Through a cooperative agreement between BJA and Impact Justice

Frequently Asked Questions

The final Department of Justice PREA Standards became effective on August 20, 2012.  Since then, DOJ, which was responsible for promulgating the final Standards, has provided interpretive guidance in the form of Frequently Asked Questions (FAQs) to address questions of first impression when they raise issues that are broadly relevant to the application and interpretation of the Standards. On this page, you will find all FAQs issued by DOJ to date. DOJ will continue to meet and resolve questions of first impression and the guidance it develops will be posted as it becomes available.

Please note that Standards referenced throughout this FAQ often apply to multiple sets of PREA Standards. Along with different standard numbers, the different sets of standards use different terminology to refer to the population they house including “inmate,” “detainee,” and “resident.” When referencing a standard that applies equally to all facilities covered under PREA, the language in the question and answer will, unless specified, refer to the Adult Prisons & Jails standard numbers and use the term “inmate” to refer generally to the populations in those facilities. The FAQ search functionality uses the standard numbering from the Adult Prisons and Jails, regardless of the specific setting. When a standard is selected, the search will identify all FAQs related to that standard across all standard settings.

When selecting filters below, you may select multiple categories or standard numbers by holding “Ctrl” (or “Command” for Macs) before making a selection. Press “Clear” to begin a new search.

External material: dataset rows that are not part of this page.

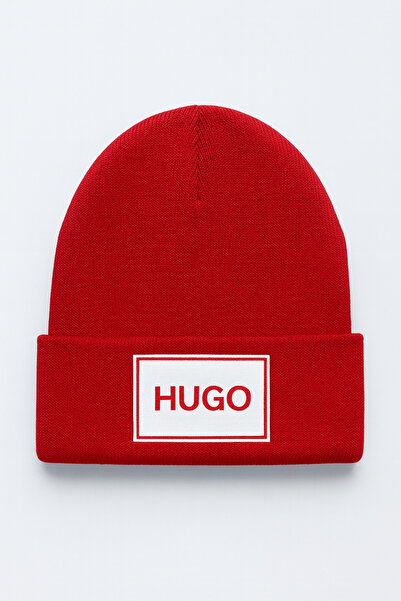 BOSS Universal cap with logo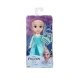 Кукла  Frozen 15 см с гребен - асортимент  - 1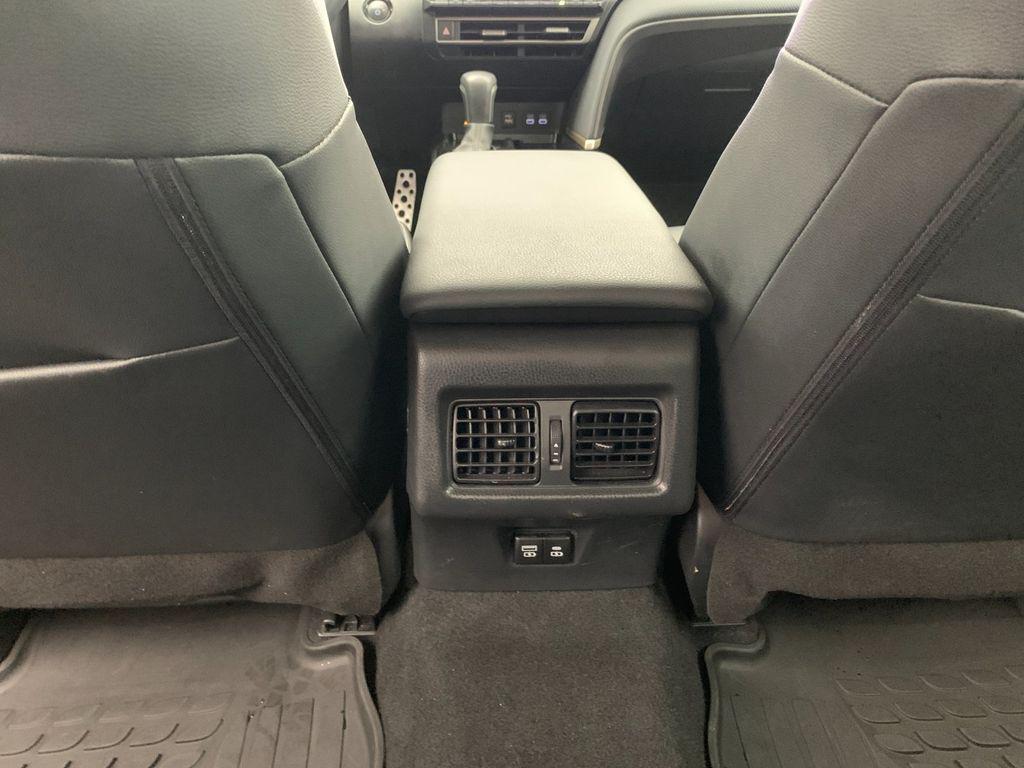 used 2025 Toyota Camry car, priced at $31,988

The “Expand All” link will reveal all FAQ search results. To print the results, use the "Print Selection" button, which expands all of them automatically in the printed document. If you want to see all unfiltered results, use the "Clear" button to remove previous selections.

Search FAQs

Sep 23, 2014
Q:

Is it ever appropriate for auditors to require the installation of cameras as part of a corrective action plan?

A:

No, with respect to adult confinement facilities. Generally, no, with respect to juvenile facilities. In juvenile facilities that include specific camera coverage in their staffing plan, the absence of such camera coverage may appropriately provide the basis for an auditor to either insist on the camera requirements in their staffing plan or require that the staffing plan be amended. Note that there are different requirements regarding the deployment of video monitoring technology among the four sets of standards.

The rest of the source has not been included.